I’m honored to welcome a fellow Birmingham blogger to guest post for me today on My Life Well Loved. Ashley from The Hill Hangout is sweet, fun and has a really friendly smile. She’s the type of southern gal you want to have as your friend. I’ll let her take it away to introduce herself! (Find Ashley on Facebook, Pinterest or her blog.)
I’m Ashley, the chief cook and bottle washer around here. I’m married to Jonathan, a great guy who loves the Lord, loves his family, and pretty much lays down his life for us daily. Yep, he’s a keeper. Together we have two little girls, Mary Anneliese (12) and Patterson (6). They are full of life and giggles and are the heartbeat of our home.

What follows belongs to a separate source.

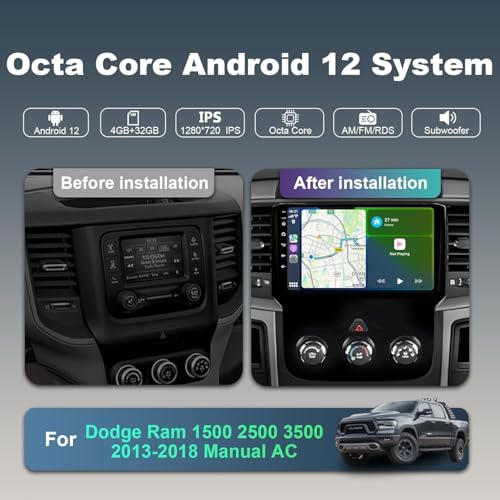 Best Car Radio With Backup Camera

Omelettes are a big hit around here because everybody can get it their way. Jonathan takes his loaded with protein – 2 eggs with sausage, bacon, cheese. I like mine with veggies – mushrooms, green onions, red bell pepper, spinach. MA takes hers with sausage and cheese. PattiGirl is cheese only. The only downside to making omelets is that my electric skillet, which is my preferred method for making them, can only make one at a time. Hmm, what to do?
One day as I was perusing Pinterest, I came across the brilliant idea to make them in a muffin pan. Not sure why I hadn’t thought of it before, but it has saved me so much time and given us a way to get a nice, fresh omelette muffin on the go. If I’m doing them during the week, I usually chop ingredients the night before and have them ready to go to save time.

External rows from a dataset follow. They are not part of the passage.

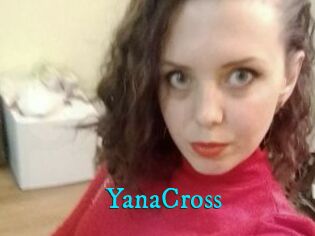 YanaCross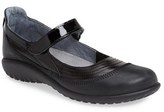 Thumbnail for your product : Naot Footwear 'Kirei' Mary Jane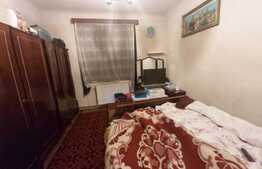 Apartament 3 camere, 68mp, decomandat, in zona strazii Bucuresti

The best thing about omelette muffins is that you can pack them with tons of healthy, nutritious ingredients that Mom approves.
There are any number of combinations you can combine from your Omelette Muffin Bar! I love a Greek omelette with black olives, feta, red onions, and parsley. My girls enjoy the pizza style with pepperoni and mozzarella (and I throw in a sun-dried tomato or two). The ham, broccoli, and cheddar combo makes a great quiche-like dinner muffin.

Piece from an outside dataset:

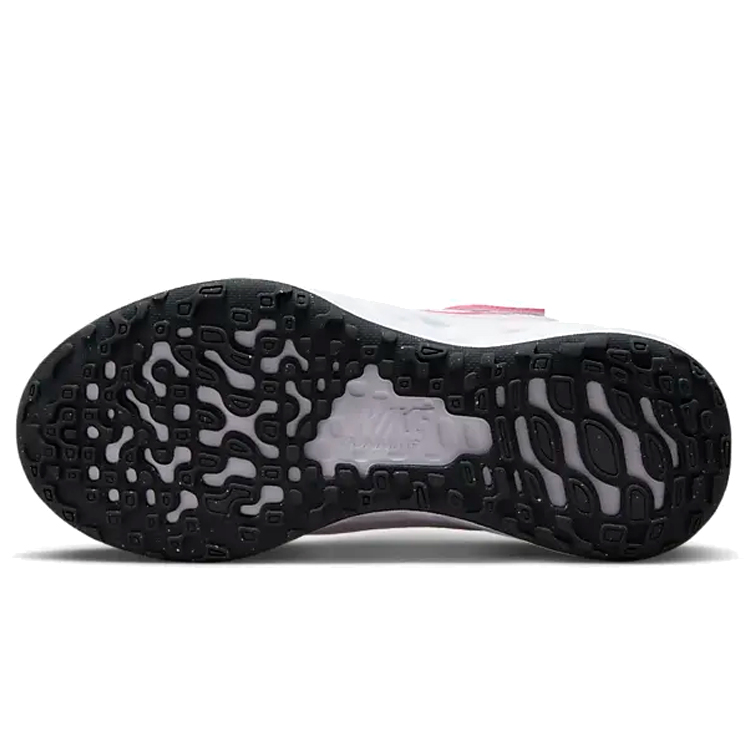 Кроссовки Nike REVOLUTION 6 NN (PSV) / Женский / 34 / Розовый photo 2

Put the veggie/meat/cheese ingredients in your muffin cup (which you’ve sprayed with cooking spray) and add one scrambled egg per cup.
Bake them on 375-400 degrees for 15-20 minutes or until the egg is firmly done in the center. Serve with a side of fruit and piece of toast or biscuit and you’re good to go.
I’d love to hear which combinations you’d make using the ingredients above? Any other ingredients you’d recommend? Please share.